* _What you need to do_:
You are asked to copy the entire listing exactly, apart from its pictures.

* _Supplied material_:
++++++++
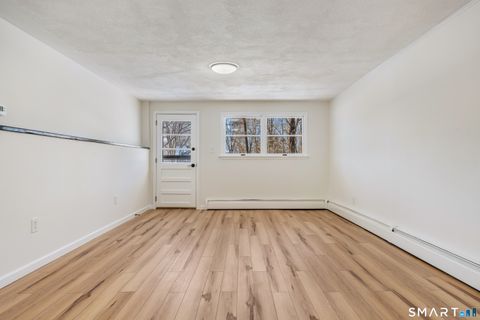 Tiny photo for 24 Pleasant Hill Road, Newtown, CT 06470 (MLS # 24151548)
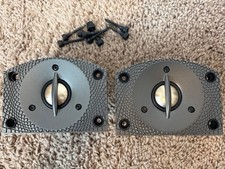 Coppia tweeter Paradigm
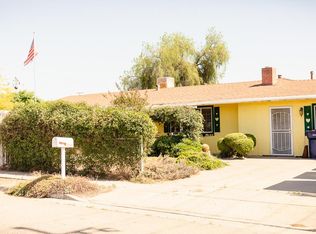 904 Avon Ave, Tulare, CA 93274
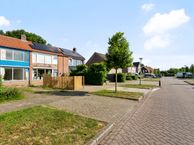 Nijverheidsweg 105, 7121 GE Aalten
++++++++
* _Result_:
 Tiny photo for 24 Pleasant Hill Road, Newtown, CT 06470 (MLS # 24151548)
 Coppia tweeter Paradigm
 904 Avon Ave, Tulare, CA 93274
 Nijverheidsweg 105, 7121 GE Aalten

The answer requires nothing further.